Spy really likes to play with me, which is great! It took months for her to be confident enough to play, but now she’s just getting more and more excited about it. Treats are not important to her at all, she’ll only work for them if absolutely nothing distracts her (and it helps if she’s hungry). I try to use a lot of praise, social interaction and play to increase the value of food rewards, and we’re making progress, but it will get much easier once she understands to be really engaged in our play sessions.
Although she really likes to play, she isn’t really engaged. She is very easily distracted and will often disengage within seconds after I take the toy away. It’s much easier if I keep moving, and harder if I stand still. I try to mix it up in our sessions: Sometimes I’ll move away from her after taking the toy away and she has to do a little more to get the toy back. Sometimes I’ll stand still and wait for any kind of engagement – a glance at my face for example – before I initiate play again. Timing is of course really important: Me moving away makes it easier and more fun for her, so I do that while she is still engaged, not when she’s sniffing the grass or staring into space.
I videotaped a session today (I actually video most of my sessions, it helps me with structure and evaluation) for you to see. I should probably have kept the session a bit shorter. She starts to disengage at about 1:20 into the session, and she takes off from me at 3 minutes. I’m not sure if it’s best to keep her sessions really short so that she never disengages, or if it’s actually a good thing for her to check out and then come back to work. I lean towards now stressing about the checking out, because she got better after a few repetitions where I had to wait a little. I definitely should have ended before she took off, because 3 minutes is more than enough for any dog. Notice that I am calling her back once she’s left, but only as she has turned around and is headed back to me. I reinforce that decision with a game of chase and play, and also build value for her name/recall in a situation where I know she’ll be successful.
Questions? Leave a comment and I’ll answer as soon as possible!
If you want to learn more on developing rewards, building engagement and teaching skills, you should check out our Foundation Class starting on August 14
Så bra inlägg!
Använder du dig någonsin av felsignal och isåfall när och hur? Eller tänker du att tex blicksläpp i ff alltid beror på “oengagerad” hund/att hunden inte har full förståelse för uppgiften i just den situationen? Om du inte har felsignal hur gör du i “felsituationer”?
Fanny Gott ,
I do use no reward markers when it’s appropriate. There are situations when I will use that for a dog that looks away during heeling. But that’s at a totally different level and when the dog has amazing focus and engagement generally.

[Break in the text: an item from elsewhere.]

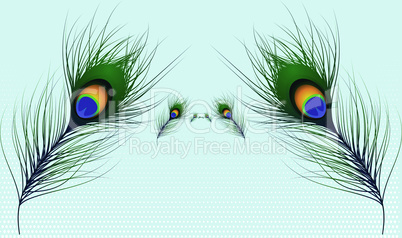 vector design of peacock hair on light abstract background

Very basic question: what is the toy you’re using? I think my dog would love that, because his favorite game is tug and chase.
Fanny Gott ,
It’s a sheep skin toy on a long handle. It’s Spy’s favourite at the moment. It’s made by Tug-E-Nuff and can be found here: https://tug-e-nuff.co.uk/collections/tug-toys/products/sheepskin-chaser-tug
My dog who has a lot of engagement (german shepard) also show signs of frustration while training. When this happens in the heelwork for example he suddenly jump to bite my arm and than he usually looks around and he can run of to simple things as a training bag or a cone just because the “bubble” is broken. While he is in the “workbubble” nothing disturbs him! im not sure how to handle this, he is a dog who has come a long way in the training and im not sure why he is sometimes get this frustration? It just feels like it can happen anytime and the reason is not clear to me. When he bite my arm for example I have a second to decide to reward a new eye contact before he decides to leave me, it seems to me he therefor can decide when to get his reward? first bite me in the arm then wait and he will get his reward?? Like yo wrote: So many dogs have learned that the best way to get engagement out of their humans is to disengage, run away or show signs of frustration. At the same time I can not do like you do in the video to wait the dog out to make the right decision after leaving you because if my dog came a cross another dog while this frustration is going on bad things can happen! I hope you understand what I mean! // Jennie
How did you end the session? How did you leave the training area? Did you both go back to the house? Or did she go in a run or yard? Was there a physical separation?
Fanny Gott ,
I think we just went back in the house. No physical separation.
Ida Ringe ,
Dear Fanny, thank you very much you share with your thoughts and experience.
Do I understand right that you’re working on engagement through the play, as the dog is not very interested in the food reward?
If the interest to treat would be high, what exercises to develop the engagement would you use?
What is a sign for you that the dog has a good enough level of involvement (engagement) to complicate the exercises, to move on to agility specific training?
Does the 3-minute training rule apply to all dogs (for example advanced with high engagement)?
What do you do after you have a good play session. Is it ok to let him play in the yard and to run near the fence after something or should I put him in the crate? This is my main problem. What to do after a good, engaged play session: do I let him do some other rewarding things in the yard or just stay all day till I get home to interact again?